The use of x-rays, a form of ionizing radiation, requires that the potential risks from a procedure be carefully balanced with the benefits of the procedure to the patient. While physicians always try to use low dose rates during fluoroscopic procedures, the length of a typical procedure often results in a relatively high absorbed dose to the patient. Recent advances include the digitization of the images captured and flat-panel detector systems which reduce the radiation dose to the patient still further.
Ignorance of the harmful effects of x-rays resulted in the absence of standard radiation safety procedures which are employed today. Scientists and physicians would often place their hands directly in the x-ray beam resulting in radiation burns. Trivial uses for the technology also resulted, including the shoe-fitting fluoroscope used by shoe stores in the 1930s-1950s.
Due to the limited light produced from the fluorescent screens, early radiologists were required to sit in a darkened room, in which the procedure was to be performed, accustomizing their eyes to the dark and thereby increasing their sensitivity to the light. The placement of the radiologist behind the screen resulted in significant radiation doses to the radiologist. Red adaptation goggles were developed by Wilhelm Trendelenburg in 1916 to address the problem of dark adaptation of the eyes, previously studied by Antoine Beclere. The resulting red light from the goggles' filtration correctly sensitized the physician's eyes prior to the procedure while still allowing him to receive enough light to function normally.

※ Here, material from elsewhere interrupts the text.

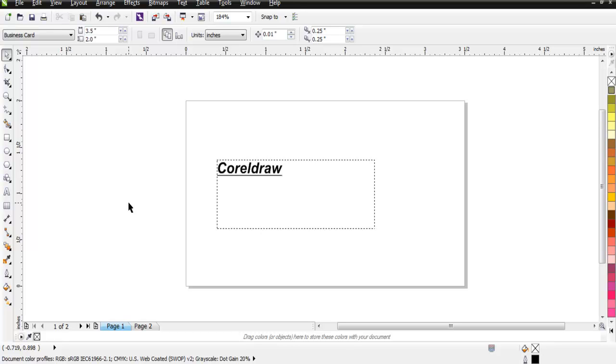This was a simple introduction to your CorelDraw interface and some of the options that you need to know before you start using CorelDraw for your graphic or any other requirement.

The development of the X-ray image intensifier and the television camera in the 1950s revolutionized fluoroscopy. The red adaptation goggles became obsolete as image intensifiers allowed the light produced by the fluorescent screen to be amplified, allowing it to be seen even in a lighted room. The addition of the camera enabled viewing of the image on a monitor, allowing a radiologist to view the images in a separate room away from the risk of radiation exposure.
More modern improvements in screen phosphors, image intensifiers and even flat panel detectors have allowed for increased image quality while minimizing the radiation dose to the patient. Modern fluoroscopes use CsI screens and produce noise-limited images, ensuring that the minimal radiation dose results while still obtaining images of acceptable quality.

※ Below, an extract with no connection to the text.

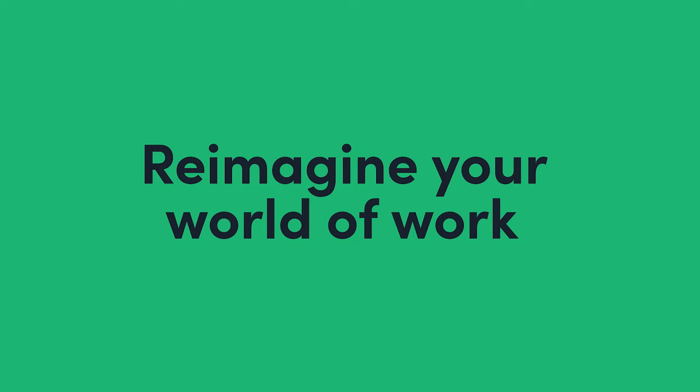It's the beginning of a whole new world of work. Let's reimagine it together.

A study has been performed by the Food and Drug Administration (FDA) entitled Radiation-induced Skin Injuries from Fluoroscopy with an additional publication to minimize further fluoroscopy-induced injuries, Public Health Advisory on Avoidance of Serious X-Ray-Induced skin Injuries to Patients During Fluoroscopically-Guided Procedures
While deterministic radiation effects are a possibility, radiation burns are not typical of standard fluoroscopic procedures. Most procedures sufficiently long in length to produce radiation burns are part of necessary life-saving operations.

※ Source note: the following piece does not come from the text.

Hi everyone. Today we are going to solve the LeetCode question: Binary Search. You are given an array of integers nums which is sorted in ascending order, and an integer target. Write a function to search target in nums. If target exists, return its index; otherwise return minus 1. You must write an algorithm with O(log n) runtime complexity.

The invention of X-ray image intensifiers in the 1950s allowed the image on the screen to be visible under normal lighting conditions, as well as providing the option of recording the images with a conventional camera. Subsequent improvements included the coupling of, at first, video cameras and, later, CCD cameras to permit recording of moving images and electronic storage of still images.
Modern image intensifiers no longer use a separate fluorescent screen. Instead, a caesium iodide phosphor is deposited directly on the photocathode of the intensifier tube. On a typical general purpose system, the output image is approximately 105 times brighter than the input image. This brightness gain comprises a flux gain (amplification of photon number) and minification gain (concentration of photons from a large input screen onto a small output screen) each of approximately 100. This level of gain is sufficient that quantum noise, due to the limited number of x-ray photons, is a significant factor limiting image quality.
Image intensifiers are available with input diameters of up to 45 cm, and a resolution of approximately 2-3 line pairs mm-1.
Flat panel detectors are considerably more expensive to purchase and repair than image intensifiers, so their uptake is primarily in specialties that require high-speed imaging, e.g., vascular imaging and cardiac catheterization.
Another common procedure is the modified barium swallow study during which barium-impregnated liquids and solids are ingested by the patient. A radiologist records and, with a speech pathologist, interprets the resulting images to diagnose oral and pharyngeal swallowing dysfunction. Modified barium swallow studies are also used in studying normal swallow function.